> [Problem to solve] In the listing below, find the line with "this 612×408 image." and copy every line from there up to and including the line with "this 1000×563 image.", exactly and without pictures.

# # #

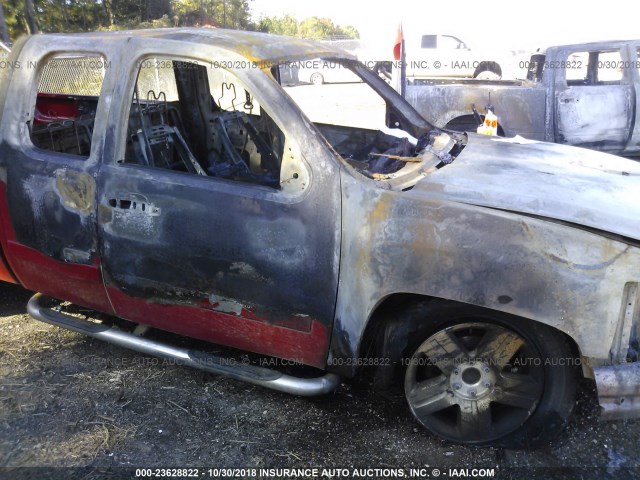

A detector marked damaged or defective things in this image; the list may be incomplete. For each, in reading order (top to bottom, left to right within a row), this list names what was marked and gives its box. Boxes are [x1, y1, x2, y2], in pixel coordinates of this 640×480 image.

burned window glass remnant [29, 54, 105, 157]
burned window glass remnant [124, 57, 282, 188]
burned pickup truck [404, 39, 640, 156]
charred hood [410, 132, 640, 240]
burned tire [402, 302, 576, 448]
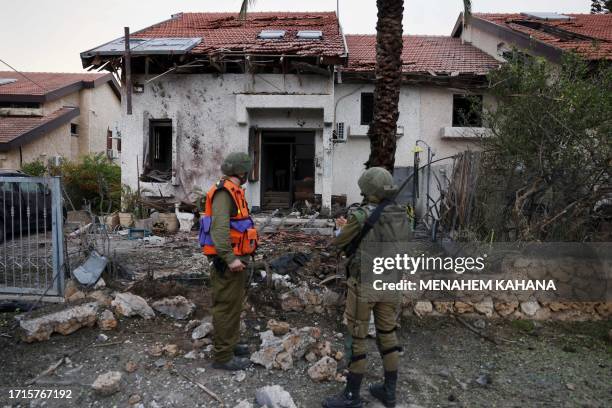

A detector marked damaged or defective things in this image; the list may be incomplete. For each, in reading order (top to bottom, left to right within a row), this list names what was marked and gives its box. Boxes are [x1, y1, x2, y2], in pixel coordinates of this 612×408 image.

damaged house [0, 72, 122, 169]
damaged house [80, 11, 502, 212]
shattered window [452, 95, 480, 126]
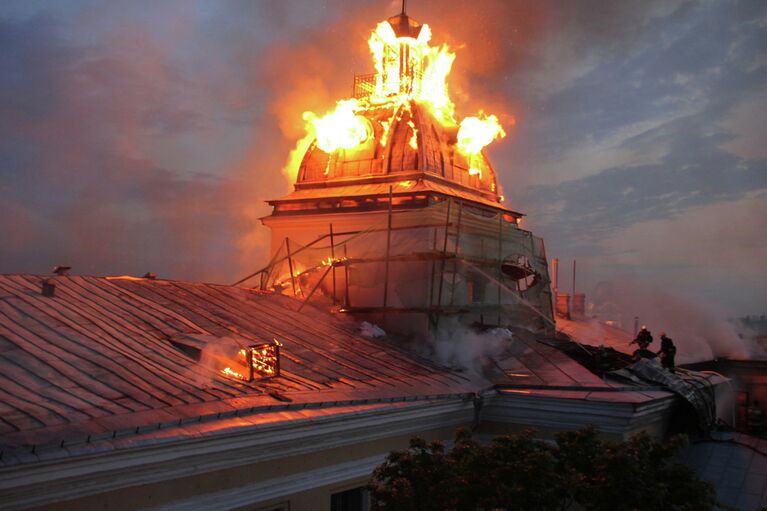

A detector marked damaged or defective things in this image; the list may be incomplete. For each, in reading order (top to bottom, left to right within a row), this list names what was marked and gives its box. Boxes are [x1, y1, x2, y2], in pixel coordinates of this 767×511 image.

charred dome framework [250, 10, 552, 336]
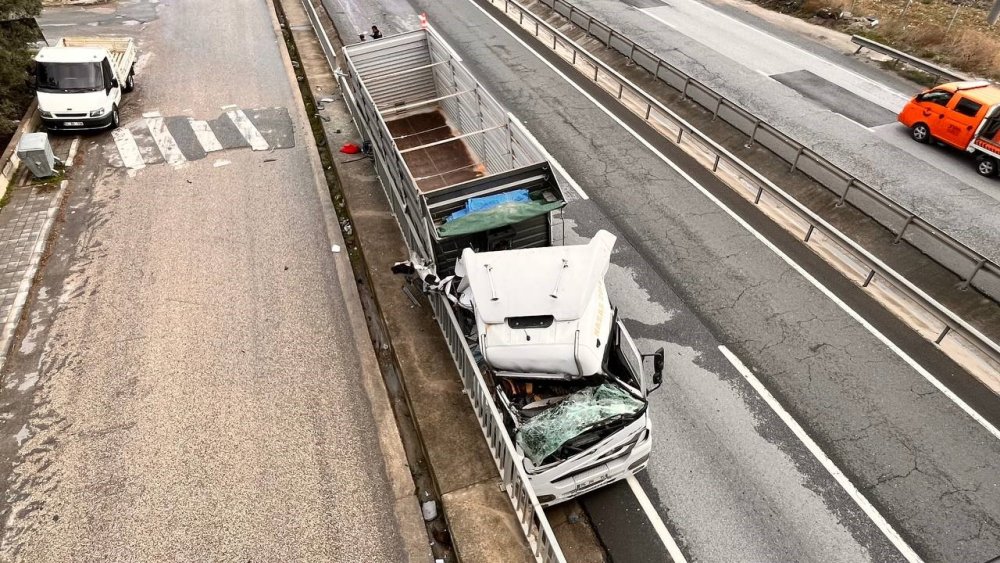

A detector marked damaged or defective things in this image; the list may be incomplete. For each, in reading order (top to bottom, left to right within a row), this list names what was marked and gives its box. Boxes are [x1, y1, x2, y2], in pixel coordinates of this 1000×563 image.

# # #

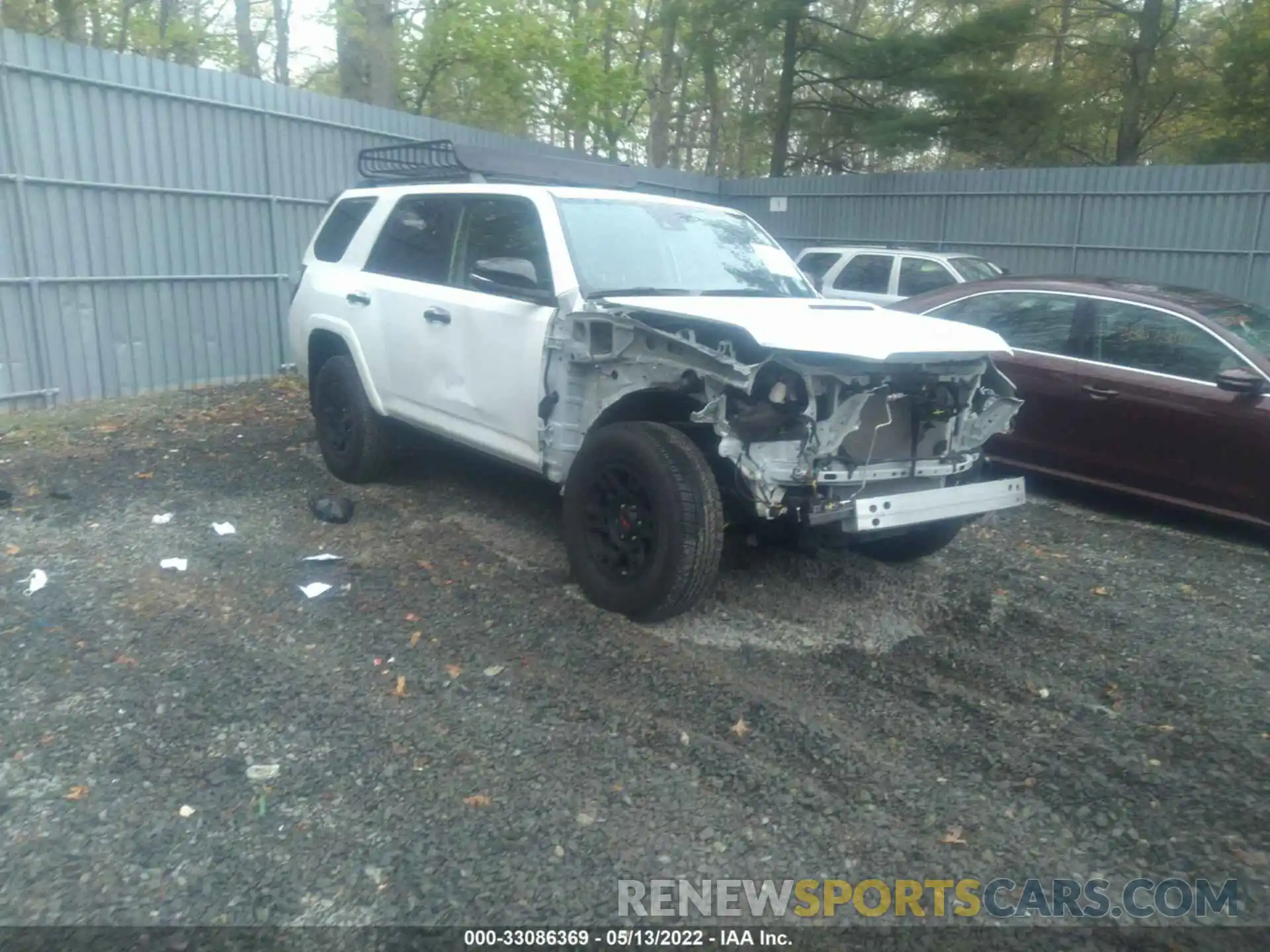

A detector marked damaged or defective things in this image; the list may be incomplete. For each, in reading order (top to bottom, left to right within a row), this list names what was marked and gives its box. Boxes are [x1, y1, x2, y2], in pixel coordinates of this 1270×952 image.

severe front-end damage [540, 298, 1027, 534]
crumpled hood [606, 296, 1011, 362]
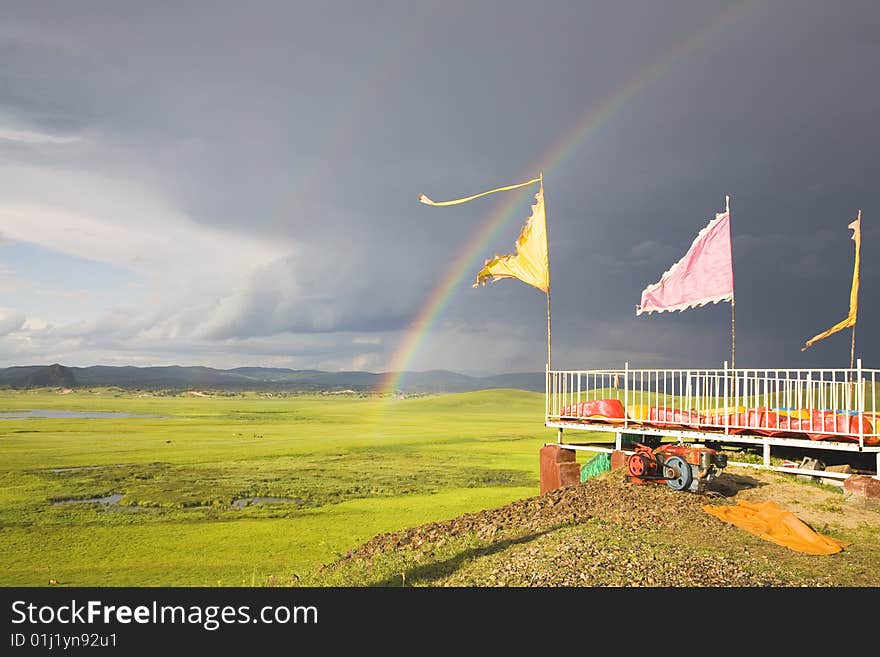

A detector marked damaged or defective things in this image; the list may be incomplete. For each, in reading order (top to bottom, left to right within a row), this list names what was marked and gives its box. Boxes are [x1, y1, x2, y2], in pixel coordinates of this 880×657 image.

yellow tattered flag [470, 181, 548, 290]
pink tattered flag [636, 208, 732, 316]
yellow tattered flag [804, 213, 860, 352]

# # #

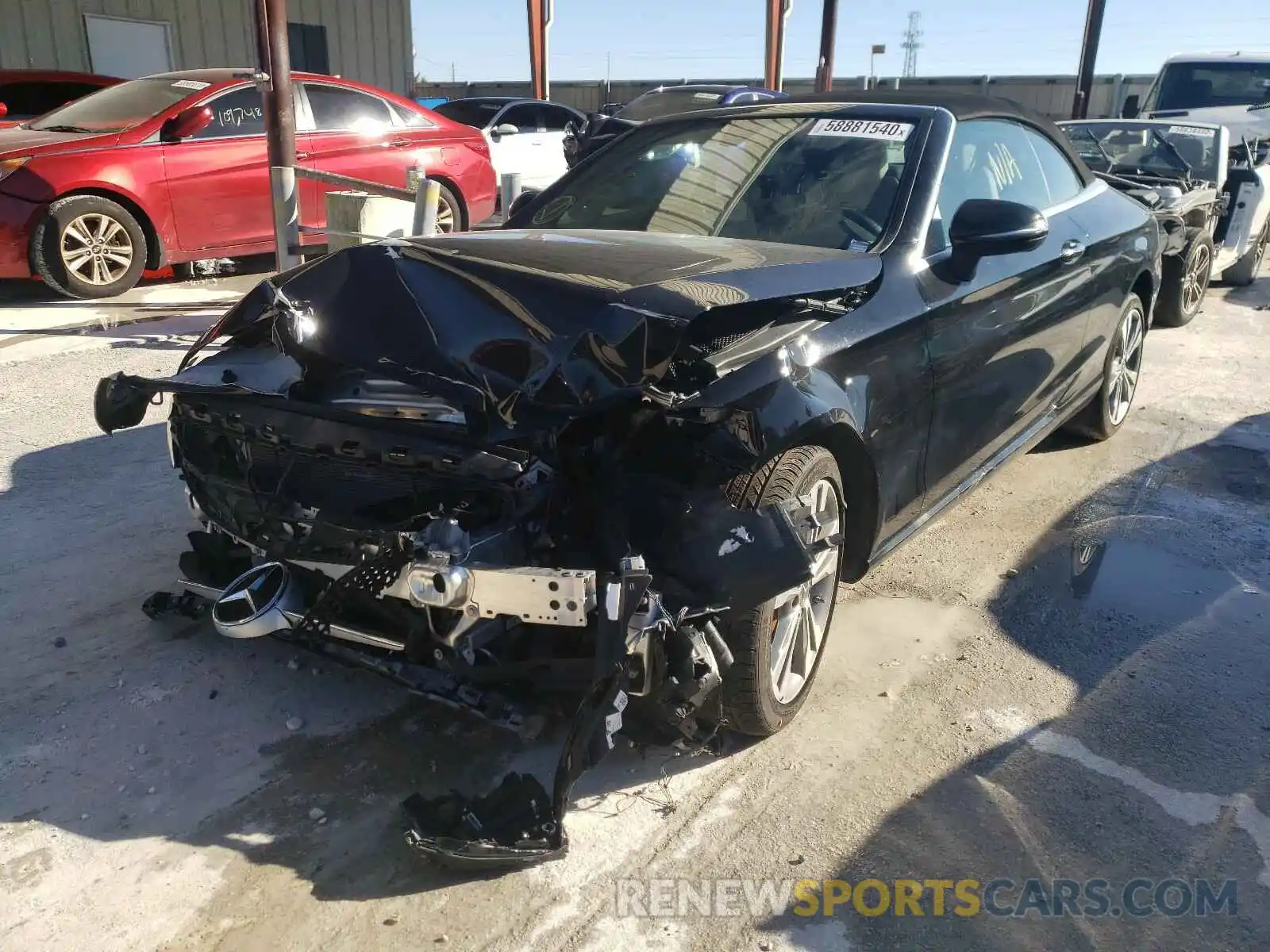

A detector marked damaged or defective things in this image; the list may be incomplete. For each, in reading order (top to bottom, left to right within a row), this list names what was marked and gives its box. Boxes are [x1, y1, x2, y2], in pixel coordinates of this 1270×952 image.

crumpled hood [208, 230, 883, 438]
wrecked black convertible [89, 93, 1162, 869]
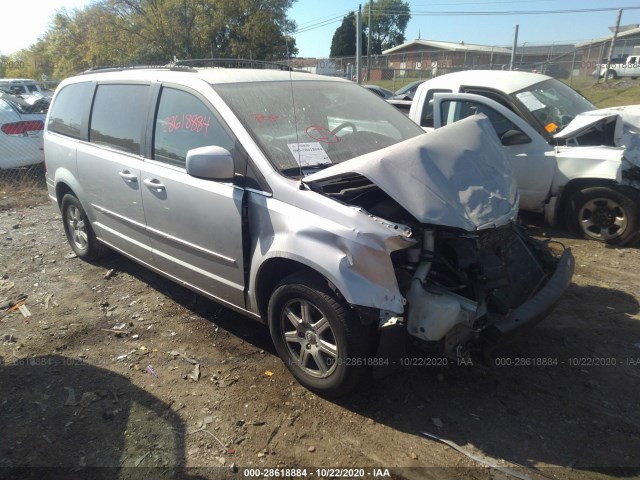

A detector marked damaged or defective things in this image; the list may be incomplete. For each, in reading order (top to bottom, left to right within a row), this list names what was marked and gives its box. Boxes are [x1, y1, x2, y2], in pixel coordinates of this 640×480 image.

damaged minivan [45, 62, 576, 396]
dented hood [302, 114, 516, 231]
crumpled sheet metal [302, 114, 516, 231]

# # #

> [Task answer]
A detector marked damaged or defective things in this image; the list may be incomplete. For each, in reading order (top to bottom, left to right within a row), this list names what was marked and gives its box. Boxes are [x1, y1, x2, y2], in pixel coordinates of this 612×408 image.

damaged house [0, 72, 122, 169]
damaged house [80, 11, 502, 212]
shattered window [452, 95, 480, 126]

A detector marked damaged or defective things in this image; the list may be incomplete. For each, in reading order (top to bottom, left to right within a row), this list names what was marked and gives its box. Boxes are [x1, y1, x2, y2], in pixel coordinates of this 767×511 image.

charred dome framework [250, 10, 552, 336]

A detector marked damaged or defective things in this image; the list may be incomplete. For each, in reading order (top to bottom, left to right within a row), this list names what was marked and gives its box. Boxes are [x1, y1, x2, y2], in pixel coordinates of this 1000×563 image.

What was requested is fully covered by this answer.